== DATA BELOW
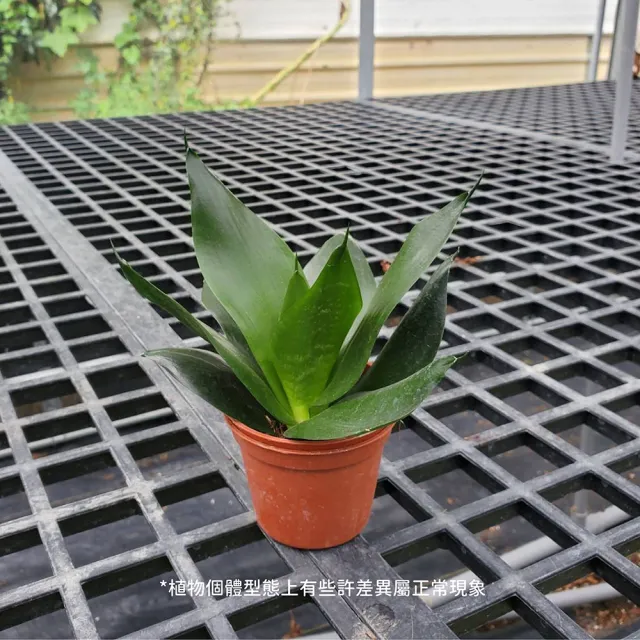 【Gardeners】翡翠虎尾蘭 3吋盆-1入(室內植物/綠化植物/觀葉植物)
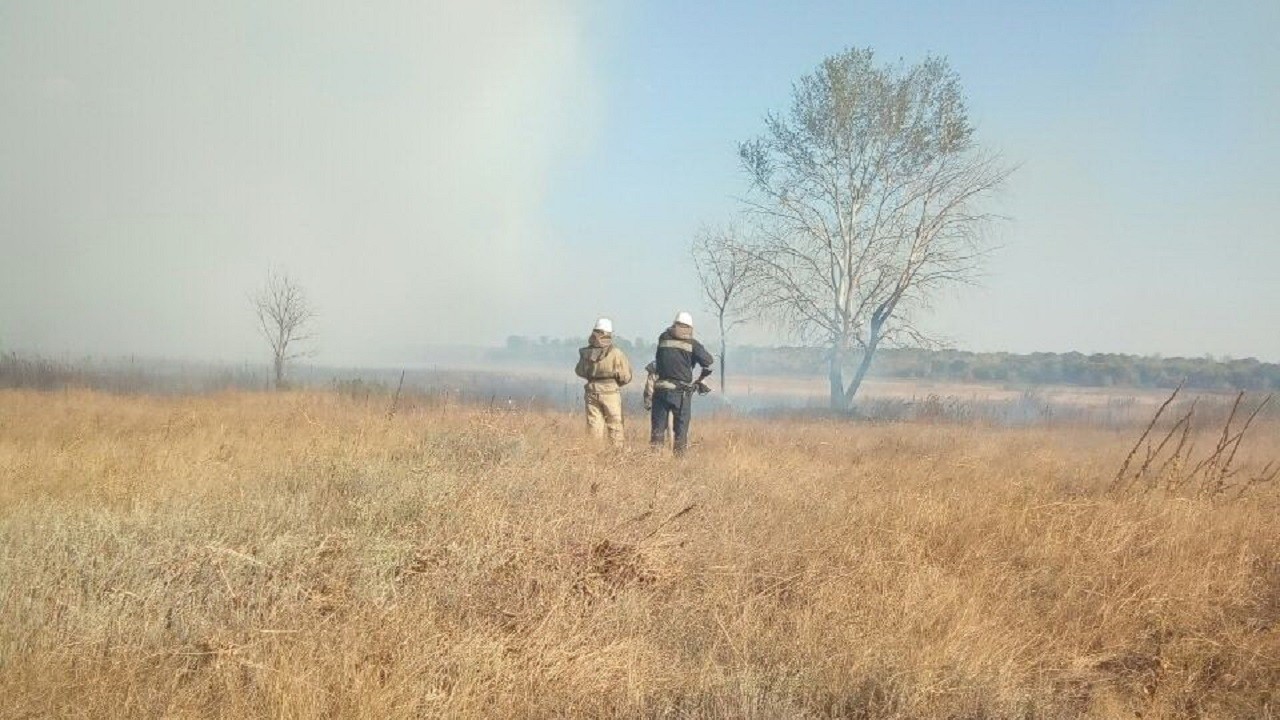 Пожежа під Чугуєвом: спеціалісти беруть проби повітря, рятувальники задіяли вертоліт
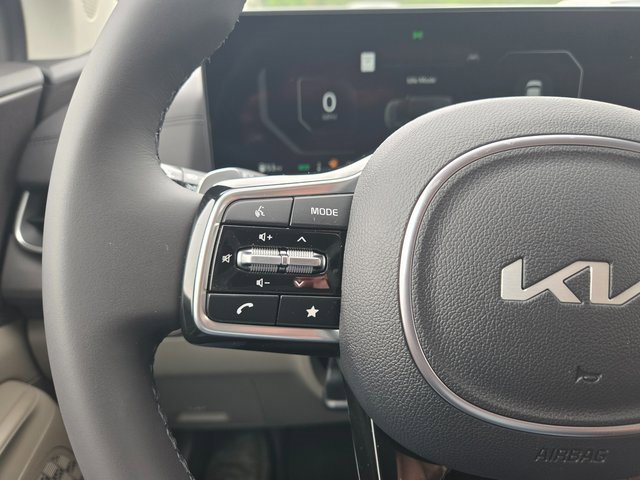 New 2025 Kia Carnival SX image 15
====
WORK INSTRUCTIONS: Leave out the pictures and give the rest of the material again, unaltered.

EXERCISE SOLUTION:
 【Gardeners】翡翠虎尾蘭 3吋盆-1入(室內植物/綠化植物/觀葉植物)
 Пожежа під Чугуєвом: спеціалісти беруть проби повітря, рятувальники задіяли вертоліт
 New 2025 Kia Carnival SX image 15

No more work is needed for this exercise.